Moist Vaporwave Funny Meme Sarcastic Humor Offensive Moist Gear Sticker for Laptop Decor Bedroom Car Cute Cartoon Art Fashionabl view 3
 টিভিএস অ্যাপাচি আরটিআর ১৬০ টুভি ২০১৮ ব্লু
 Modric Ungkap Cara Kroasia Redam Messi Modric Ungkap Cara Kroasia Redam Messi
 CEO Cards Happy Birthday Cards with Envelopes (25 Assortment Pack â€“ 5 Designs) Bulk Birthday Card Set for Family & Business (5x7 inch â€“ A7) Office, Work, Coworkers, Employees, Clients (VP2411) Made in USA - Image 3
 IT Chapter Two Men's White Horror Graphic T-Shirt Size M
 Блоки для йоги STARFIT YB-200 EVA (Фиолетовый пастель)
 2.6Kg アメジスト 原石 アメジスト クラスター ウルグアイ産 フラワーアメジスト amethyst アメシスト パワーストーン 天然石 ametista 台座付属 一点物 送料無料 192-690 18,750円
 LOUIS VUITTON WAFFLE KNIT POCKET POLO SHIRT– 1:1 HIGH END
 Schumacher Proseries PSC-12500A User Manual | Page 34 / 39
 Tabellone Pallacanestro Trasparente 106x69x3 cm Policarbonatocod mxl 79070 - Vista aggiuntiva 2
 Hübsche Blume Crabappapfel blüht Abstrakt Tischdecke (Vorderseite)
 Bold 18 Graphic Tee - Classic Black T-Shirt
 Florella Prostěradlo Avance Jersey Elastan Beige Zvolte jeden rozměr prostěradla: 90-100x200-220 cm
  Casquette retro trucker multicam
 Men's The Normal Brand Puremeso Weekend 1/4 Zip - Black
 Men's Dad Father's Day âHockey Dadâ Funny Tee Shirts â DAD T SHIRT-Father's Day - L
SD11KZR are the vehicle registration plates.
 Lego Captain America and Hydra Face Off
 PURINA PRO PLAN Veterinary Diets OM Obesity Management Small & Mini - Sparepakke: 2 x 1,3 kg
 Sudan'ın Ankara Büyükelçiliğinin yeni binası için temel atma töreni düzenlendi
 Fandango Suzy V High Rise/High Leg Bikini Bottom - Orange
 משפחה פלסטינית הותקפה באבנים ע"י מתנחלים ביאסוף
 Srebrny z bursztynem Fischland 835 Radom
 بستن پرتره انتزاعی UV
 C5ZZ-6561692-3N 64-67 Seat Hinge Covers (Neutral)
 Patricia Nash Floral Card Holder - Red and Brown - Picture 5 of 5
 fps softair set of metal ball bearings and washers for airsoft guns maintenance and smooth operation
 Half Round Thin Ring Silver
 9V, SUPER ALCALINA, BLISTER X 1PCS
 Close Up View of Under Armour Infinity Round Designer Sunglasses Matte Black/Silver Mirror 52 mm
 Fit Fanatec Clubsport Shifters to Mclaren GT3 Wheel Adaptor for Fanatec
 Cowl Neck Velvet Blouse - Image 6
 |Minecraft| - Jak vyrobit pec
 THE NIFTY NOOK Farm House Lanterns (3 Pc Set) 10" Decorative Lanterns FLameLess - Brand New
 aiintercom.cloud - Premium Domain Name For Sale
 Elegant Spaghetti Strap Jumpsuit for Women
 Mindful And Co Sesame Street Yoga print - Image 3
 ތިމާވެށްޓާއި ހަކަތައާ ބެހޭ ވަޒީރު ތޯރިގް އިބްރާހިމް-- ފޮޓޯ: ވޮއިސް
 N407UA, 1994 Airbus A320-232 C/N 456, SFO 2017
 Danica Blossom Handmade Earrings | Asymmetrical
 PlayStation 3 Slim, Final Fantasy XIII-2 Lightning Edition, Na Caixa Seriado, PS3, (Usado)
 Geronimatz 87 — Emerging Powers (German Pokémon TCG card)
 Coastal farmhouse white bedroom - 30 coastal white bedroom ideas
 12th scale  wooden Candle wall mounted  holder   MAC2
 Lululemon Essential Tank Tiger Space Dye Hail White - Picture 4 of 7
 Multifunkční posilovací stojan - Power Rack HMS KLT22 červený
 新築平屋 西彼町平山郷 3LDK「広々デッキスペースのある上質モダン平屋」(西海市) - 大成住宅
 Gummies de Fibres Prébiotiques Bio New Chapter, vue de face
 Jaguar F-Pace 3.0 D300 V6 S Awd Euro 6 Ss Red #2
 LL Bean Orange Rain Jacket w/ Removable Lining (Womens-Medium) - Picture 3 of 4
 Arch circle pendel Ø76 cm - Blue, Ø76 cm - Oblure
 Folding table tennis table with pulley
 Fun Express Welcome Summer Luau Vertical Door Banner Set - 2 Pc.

----

◆ Work to complete ◆
Within the data above, the span starting at the line containing "PURINA PRO PLAN" and ending at the line containing "Jak vyrobit pec" is to be retyped exactly, with no other lines.

◆ Exercise answer ◆
 PURINA PRO PLAN Veterinary Diets OM Obesity Management Small & Mini - Sparepakke: 2 x 1,3 kg
 Sudan'ın Ankara Büyükelçiliğinin yeni binası için temel atma töreni düzenlendi
 Fandango Suzy V High Rise/High Leg Bikini Bottom - Orange
 משפחה פלסטינית הותקפה באבנים ע"י מתנחלים ביאסוף
 Srebrny z bursztynem Fischland 835 Radom
 بستن پرتره انتزاعی UV
 C5ZZ-6561692-3N 64-67 Seat Hinge Covers (Neutral)
 Patricia Nash Floral Card Holder - Red and Brown - Picture 5 of 5
 fps softair set of metal ball bearings and washers for airsoft guns maintenance and smooth operation
 Half Round Thin Ring Silver
 9V, SUPER ALCALINA, BLISTER X 1PCS
 Close Up View of Under Armour Infinity Round Designer Sunglasses Matte Black/Silver Mirror 52 mm
 Fit Fanatec Clubsport Shifters to Mclaren GT3 Wheel Adaptor for Fanatec
 Cowl Neck Velvet Blouse - Image 6
 |Minecraft| - Jak vyrobit pec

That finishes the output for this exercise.